GMK Godzilla fits the oni archetype almost perfectly: he began as an animal body that has been “borrowed” and possessed by millions of restless WWII dead; he is the embodiment of wrath, vengeance, and forgotten atrocities, powered by the anger of Pacific War victims toward a Japan that has conveniently forgotten or downplayed its wartime sins; he has pure white, pupil-less eyes (common in undead/possessed oni); he carries a supernatural aura, causes unnatural storms and earthquakes in prophecy, and is explicitly supernatural; he is sadistic, toying with and torturing the Guardian Monsters instead of just killing them; he literally sucks in the souls of Baragon, Mothra, and Ghidorah; he is ultimately defeated by the D-03 missile exploding inside him (a modern “sword” cutting him open, playing into the traditional oni weakness to blades); he follows textbook Buddhist hell lore in which extreme resentment after death can create an oni or kishin; and he is larger and more terrifying than the previous member of his species (Toho books state this second Godzilla is physically larger than the 1954 one).

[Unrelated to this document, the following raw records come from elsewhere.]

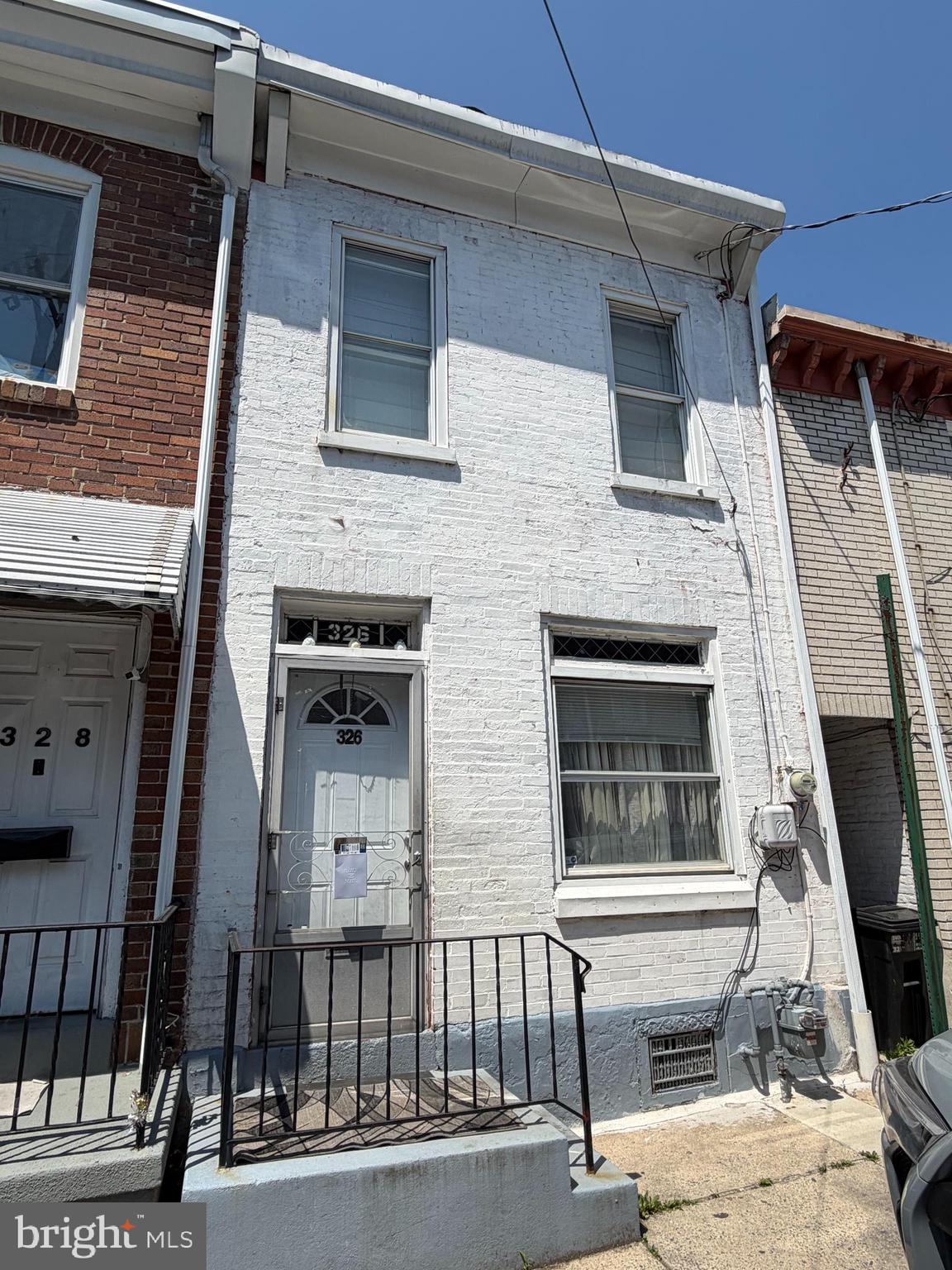WELCOME TO THIS WELL-MAINTAINED PROPERTY AND ENJOY ALL THE SPACES.
ON THE FIRST FLOOR YOU WILL FIND A SPACIOUS LIVING ROOM, IN ADDITION TO 2 DINNING ROOM AREAS, AND THE KITCHEN. YOU WILL FIND 3 BEDROOMS ON THE SECOND FLOOR, AND A HUGE FULL BATHROOM.THE 4TH BEDROOM IS ON THE 3RD FLOOR. CURRENTLY OCCUPIED BY A TENANT IN A MONTH-TO-MONTH LEASE.  THE PROPERTY IS GREAT IF YOU ARE INTERESTED IN COLLECTING RENT SINCE THE FIRST DAY, OR IT IS MOVE IN READY.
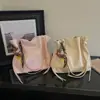Bolso de Mujer 2026 Otoño Nuevo Moda de Nicho Transfronterizo Bolso de Mano Versátil para Viajar Cadena Hombro Cruzado Bolso Tote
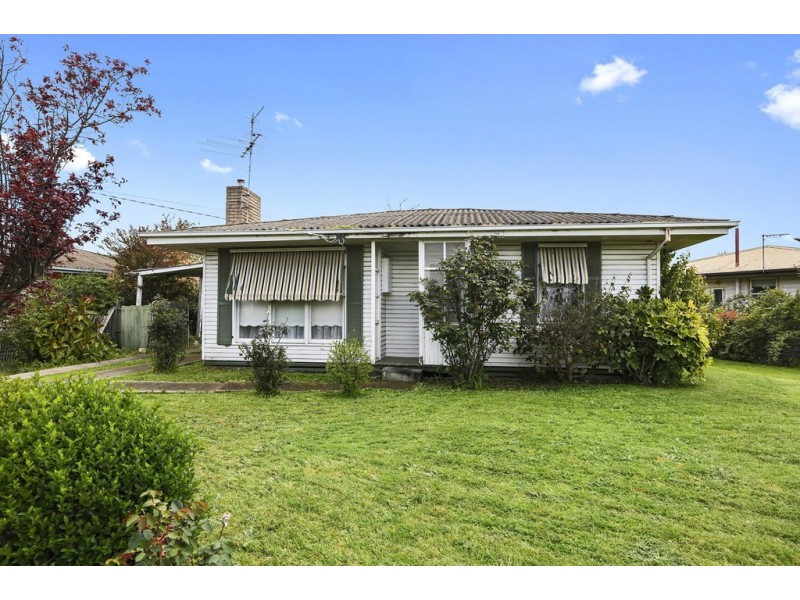 40 Swallow Crescent, Norlane VIC 3214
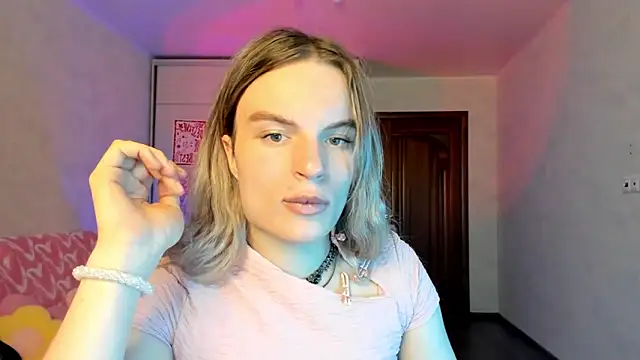 milliKira006 webcam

The key scholarly connection is Noriko T. Reider’s book Japanese Demon Lore: Oni from Ancient Times to the Present (2010), which is repeatedly cited by fans for this exact reason. Reider explains that oni evolved from vague, formless vengeful ghosts (onryō) into the horned, physical demons we know, and that especially powerful or collective aggregations of resentful dead can manifest as a single gigantic oni or kijin (“oni god”). GMK Godzilla is almost a direct cinematic example of that process: millions of Pacific War dead (soldiers, civilians, victims of Japanese aggression) have no single body, so they hijack the body of a new, living Godzilla-like creature and turn it into their instrument of vengeance.
So what is GMK Godzilla, in plain terms? A second Godzilla (a natural or mutated giant reptile like the first one) that has been completely taken over and transformed by a collective oni/kishin formed from the fused resentment of everyone who died because of Imperial Japan’s actions in WWII. It is not the 1954 Godzilla brought back to life. It is not a dinosaur zombie in the Western sense. It is, in Japanese folkloric terms, a living kaijū that has become the physical vessel for an oni made of 36+ million angry souls, essentially a walking, city-destroying embodiment of Japan’s suppressed war guilt.
That is why the film gives him blank white eyes, an aura of pure hatred, and supernatural traits no other Godzilla has. He is the closest the franchise has ever come to making Godzilla an actual yōkai rather than just a mutated animal.